[Work instructions] An exact copy of every record is the expected answer.

####################

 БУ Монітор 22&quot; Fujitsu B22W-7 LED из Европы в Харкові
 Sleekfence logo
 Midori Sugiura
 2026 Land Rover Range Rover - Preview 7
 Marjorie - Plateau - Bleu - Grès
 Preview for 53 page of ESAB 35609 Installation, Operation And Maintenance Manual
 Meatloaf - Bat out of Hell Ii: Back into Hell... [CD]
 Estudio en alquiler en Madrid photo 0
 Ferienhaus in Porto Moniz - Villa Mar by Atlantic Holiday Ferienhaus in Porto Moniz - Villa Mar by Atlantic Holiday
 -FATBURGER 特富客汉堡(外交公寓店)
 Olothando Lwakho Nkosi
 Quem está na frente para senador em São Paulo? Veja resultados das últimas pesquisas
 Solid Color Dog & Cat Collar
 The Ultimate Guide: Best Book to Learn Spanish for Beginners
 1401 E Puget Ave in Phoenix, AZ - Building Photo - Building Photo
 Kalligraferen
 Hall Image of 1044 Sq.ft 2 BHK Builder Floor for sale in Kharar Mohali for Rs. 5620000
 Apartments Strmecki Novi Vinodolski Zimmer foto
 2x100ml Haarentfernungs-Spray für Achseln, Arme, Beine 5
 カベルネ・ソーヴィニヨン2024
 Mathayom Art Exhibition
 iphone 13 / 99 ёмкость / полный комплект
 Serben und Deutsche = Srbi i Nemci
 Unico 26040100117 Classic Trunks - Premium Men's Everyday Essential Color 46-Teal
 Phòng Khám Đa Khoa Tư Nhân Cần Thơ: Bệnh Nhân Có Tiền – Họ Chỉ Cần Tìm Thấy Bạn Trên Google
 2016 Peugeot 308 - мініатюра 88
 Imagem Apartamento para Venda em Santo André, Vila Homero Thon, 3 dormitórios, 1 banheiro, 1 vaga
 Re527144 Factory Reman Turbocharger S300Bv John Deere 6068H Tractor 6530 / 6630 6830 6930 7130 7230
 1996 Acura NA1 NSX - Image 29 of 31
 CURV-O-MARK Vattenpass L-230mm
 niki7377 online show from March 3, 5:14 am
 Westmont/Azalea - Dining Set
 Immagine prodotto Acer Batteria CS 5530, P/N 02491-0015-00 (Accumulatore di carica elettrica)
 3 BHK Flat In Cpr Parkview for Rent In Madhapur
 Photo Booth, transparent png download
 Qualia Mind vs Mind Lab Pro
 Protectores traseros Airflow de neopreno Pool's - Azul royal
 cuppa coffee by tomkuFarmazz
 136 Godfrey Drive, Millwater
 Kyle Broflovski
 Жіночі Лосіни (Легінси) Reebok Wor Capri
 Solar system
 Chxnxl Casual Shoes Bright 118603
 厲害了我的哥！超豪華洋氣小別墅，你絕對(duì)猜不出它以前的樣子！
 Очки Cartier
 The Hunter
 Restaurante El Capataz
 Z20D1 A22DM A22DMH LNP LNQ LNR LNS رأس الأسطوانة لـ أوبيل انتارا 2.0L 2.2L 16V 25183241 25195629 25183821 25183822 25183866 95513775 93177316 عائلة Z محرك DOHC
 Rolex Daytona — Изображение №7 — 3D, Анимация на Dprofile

####################

[Result]
 БУ Монітор 22&quot; Fujitsu B22W-7 LED из Европы в Харкові
 Sleekfence logo
 Midori Sugiura
 2026 Land Rover Range Rover - Preview 7
 Marjorie - Plateau - Bleu - Grès
 Preview for 53 page of ESAB 35609 Installation, Operation And Maintenance Manual
 Meatloaf - Bat out of Hell Ii: Back into Hell... [CD]
 Estudio en alquiler en Madrid photo 0
 Ferienhaus in Porto Moniz - Villa Mar by Atlantic Holiday Ferienhaus in Porto Moniz - Villa Mar by Atlantic Holiday
 -FATBURGER 特富客汉堡(外交公寓店)
 Olothando Lwakho Nkosi
 Quem está na frente para senador em São Paulo? Veja resultados das últimas pesquisas
 Solid Color Dog & Cat Collar
 The Ultimate Guide: Best Book to Learn Spanish for Beginners
 1401 E Puget Ave in Phoenix, AZ - Building Photo - Building Photo
 Kalligraferen
 Hall Image of 1044 Sq.ft 2 BHK Builder Floor for sale in Kharar Mohali for Rs. 5620000
 Apartments Strmecki Novi Vinodolski Zimmer foto
 2x100ml Haarentfernungs-Spray für Achseln, Arme, Beine 5
 カベルネ・ソーヴィニヨン2024
 Mathayom Art Exhibition
 iphone 13 / 99 ёмкость / полный комплект
 Serben und Deutsche = Srbi i Nemci
 Unico 26040100117 Classic Trunks - Premium Men's Everyday Essential Color 46-Teal
 Phòng Khám Đa Khoa Tư Nhân Cần Thơ: Bệnh Nhân Có Tiền – Họ Chỉ Cần Tìm Thấy Bạn Trên Google
 2016 Peugeot 308 - мініатюра 88
 Imagem Apartamento para Venda em Santo André, Vila Homero Thon, 3 dormitórios, 1 banheiro, 1 vaga
 Re527144 Factory Reman Turbocharger S300Bv John Deere 6068H Tractor 6530 / 6630 6830 6930 7130 7230
 1996 Acura NA1 NSX - Image 29 of 31
 CURV-O-MARK Vattenpass L-230mm
 niki7377 online show from March 3, 5:14 am
 Westmont/Azalea - Dining Set
 Immagine prodotto Acer Batteria CS 5530, P/N 02491-0015-00 (Accumulatore di carica elettrica)
 3 BHK Flat In Cpr Parkview for Rent In Madhapur
 Photo Booth, transparent png download
 Qualia Mind vs Mind Lab Pro
 Protectores traseros Airflow de neopreno Pool's - Azul royal
 cuppa coffee by tomkuFarmazz
 136 Godfrey Drive, Millwater
 Kyle Broflovski
 Жіночі Лосіни (Легінси) Reebok Wor Capri
 Solar system
 Chxnxl Casual Shoes Bright 118603
 厲害了我的哥！超豪華洋氣小別墅，你絕對(duì)猜不出它以前的樣子！
 Очки Cartier
 The Hunter
 Restaurante El Capataz
 Z20D1 A22DM A22DMH LNP LNQ LNR LNS رأس الأسطوانة لـ أوبيل انتارا 2.0L 2.2L 16V 25183241 25195629 25183821 25183822 25183866 95513775 93177316 عائلة Z محرك DOHC
 Rolex Daytona — Изображение №7 — 3D, Анимация на Dprofile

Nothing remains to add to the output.